Le mythe de Prométhée se situe dans l'histoire d'une création évolutive : il marque l'avènement de la conscience, l'apparition de l'homme. Prométhée aurait dérobé à Zeus, symbole de l'esprit, des semences de feu, autre symbole de Zeus et de l'esprit, soit qu'il les ait saisies à la roue du soleil, soit qu'il les ait prises à la forge d'Héphaïstos, pour les apporter sur la terre. Zeus l'aurait puni en l'enchaînant à un rocher et en lançant sur lui un aigle qui lui dévorait le foie. Symbole des tourments d'une culpabilité refoulée et inexpiée : Quant à Prométhée aux subtils desseins, Zeus le chargea de liens inextricables, entraves douloureuses qu'il enroula à mi-hauteur d'une colonne. Puis, il lâcha sur lui un aigle aux ailes déployées : et l'aigle mangeait son foie immortel, et le foie se reformait la nuit, en tout point égal à celui qu'avait, le jour durant, dévoré l'oiseau aux ailes déployées. Mais Héraclès le délivra de ses tortures, en brisant ses chaînes et en tuant l'aigle d'une flèche. Le Centaure Chiron désirant la mort, pour mettre fin à ses souffrances, lui légua son immortalité et Prométhée put ainsi accéder au rang des dieux. Si Hésiode prête à Prométhée la ruse, la perfidie, les pensées fourbes à l'encontre des dieux, Eschyle le loue d'avoir fait usage de son larcin, le feu brillant d'où naissent tous les arts, pour l'offrir aux mortels... Ce feu maître de tous les arts, un trésor sans prix.Oui, dit Prométhée, j'ai délivré les hommes de l’obsession de la mort... J'ai installé en eux les aveugles espoirs... je leur ai fait présent du feu... de lui, ils apprendront des arts sans nombre.

 

Le sens du mythe s'éclaire par le sens même du nom de Prométhée, qui signifie la pensée prévoyante.
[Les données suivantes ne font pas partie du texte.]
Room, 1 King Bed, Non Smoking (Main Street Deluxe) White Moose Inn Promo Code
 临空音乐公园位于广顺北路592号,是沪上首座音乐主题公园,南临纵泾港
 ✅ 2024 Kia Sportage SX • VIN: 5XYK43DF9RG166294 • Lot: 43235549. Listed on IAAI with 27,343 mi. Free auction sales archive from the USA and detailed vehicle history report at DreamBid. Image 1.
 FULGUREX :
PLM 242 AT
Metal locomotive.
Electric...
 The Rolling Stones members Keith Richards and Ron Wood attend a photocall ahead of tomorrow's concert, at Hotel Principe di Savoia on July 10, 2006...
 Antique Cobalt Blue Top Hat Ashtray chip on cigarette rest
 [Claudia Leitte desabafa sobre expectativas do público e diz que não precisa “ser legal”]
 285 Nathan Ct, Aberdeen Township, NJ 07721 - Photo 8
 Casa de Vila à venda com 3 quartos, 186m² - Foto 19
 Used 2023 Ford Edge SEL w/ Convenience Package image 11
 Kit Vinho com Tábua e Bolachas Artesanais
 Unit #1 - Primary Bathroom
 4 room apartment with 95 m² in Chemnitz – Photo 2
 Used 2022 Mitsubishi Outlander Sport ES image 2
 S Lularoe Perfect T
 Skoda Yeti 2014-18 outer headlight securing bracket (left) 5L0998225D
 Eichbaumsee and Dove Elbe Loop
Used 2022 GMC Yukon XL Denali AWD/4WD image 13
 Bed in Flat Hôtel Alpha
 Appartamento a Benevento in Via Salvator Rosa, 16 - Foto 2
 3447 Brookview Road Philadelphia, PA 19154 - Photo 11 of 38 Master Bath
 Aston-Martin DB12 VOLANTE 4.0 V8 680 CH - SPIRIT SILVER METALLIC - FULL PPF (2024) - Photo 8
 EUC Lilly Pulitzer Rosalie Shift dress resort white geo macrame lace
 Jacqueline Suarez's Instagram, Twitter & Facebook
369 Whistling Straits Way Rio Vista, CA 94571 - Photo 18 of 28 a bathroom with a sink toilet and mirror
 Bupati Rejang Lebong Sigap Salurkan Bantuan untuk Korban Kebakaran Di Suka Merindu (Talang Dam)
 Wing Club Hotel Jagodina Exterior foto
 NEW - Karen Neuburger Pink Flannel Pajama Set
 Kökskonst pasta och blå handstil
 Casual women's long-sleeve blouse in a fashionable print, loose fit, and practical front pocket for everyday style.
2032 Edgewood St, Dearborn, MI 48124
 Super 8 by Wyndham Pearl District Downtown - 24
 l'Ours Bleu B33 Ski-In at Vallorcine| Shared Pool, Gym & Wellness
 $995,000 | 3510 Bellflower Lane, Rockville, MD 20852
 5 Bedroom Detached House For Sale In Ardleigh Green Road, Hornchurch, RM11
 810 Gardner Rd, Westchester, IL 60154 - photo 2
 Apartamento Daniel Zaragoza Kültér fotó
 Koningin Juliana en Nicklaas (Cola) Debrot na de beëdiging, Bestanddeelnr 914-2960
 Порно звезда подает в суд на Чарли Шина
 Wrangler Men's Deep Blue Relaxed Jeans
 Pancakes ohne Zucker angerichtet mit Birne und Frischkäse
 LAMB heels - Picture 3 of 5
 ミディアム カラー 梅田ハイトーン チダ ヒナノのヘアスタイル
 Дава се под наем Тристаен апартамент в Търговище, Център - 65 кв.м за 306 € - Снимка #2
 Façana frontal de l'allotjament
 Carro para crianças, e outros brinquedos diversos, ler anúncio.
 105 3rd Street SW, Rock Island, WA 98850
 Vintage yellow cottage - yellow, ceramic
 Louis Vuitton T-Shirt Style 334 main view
Descendant des Titans, il porterait en lui une tendance à la révolte. Mais ce n'est pas la révolte des sens qu'il symbolise, c'est celle de l'esprit, de l'esprit qui veut s'égaler à l'intelligence divine, ou du moins lui ravir quelques étincelles de lumière. Ce n'est pas rechercher l'esprit pour lui-même, sur de soi, mais c'est utiliser l'esprit à des fins de satisfaction personnelle. Le feu dérobé symbolise l'intellect réduit à n'être que le moyen de satisfaction des désirs multipliés, dont l'exaltation est contraire au sens évolutif de la vie. L'intellect révolté a préféré la terre à l'esprit : il a déchaîné les désirs terrestres et ce déchaînement n'est qu'un enchaînement à la terre. La divinisation finale de Prométhée suivra sa libération par Héraclès, c'est-à-dire la rupture des chaînes et la mort de l'aigle dévorant ; elle sera aussi conditionnée par la mort du Centaure*, sera le triomphe de l'esprit, au terme d'une nouvelle phase de l'évolution créatrice, qui tendra vers l'être et non plus vers le pouvoir.

 

Pour Gaston Bachelard, le mythe de Prométhée illustre la volonté humaine d'intellectualité ; mais d'une vie intellectuelle, à l'instar de celle des dieux, qui ne soit pas sous la dépendance absolue du principe d'utilité. Nous proposons donc de ranger sous le nom de complexe de Prométhée toutes les tendances qui nous poussent à savoir autant que nos pères, plus que nos pères, autant que nos maîtres, plus que nos maîtres. Or c'est en maniant l'objet, c'est en perfectionnant notre connaissance objective que nous pouvons espérer nous mettre plus clairement au niveau intellectuel que nous avons admiré chez nos parents et nos maîtres. La suprématie par des instincts plus puissants tente naturellement un bien plus grand nombre d'individus. Si l'intellectualité pure est exceptionnelle, elle n'est pas moins très caractéristique d'une évolution spécifiquement humaine. Le complexe de Prométhée est le complexe d’Œdipe de la vie intellectuelle.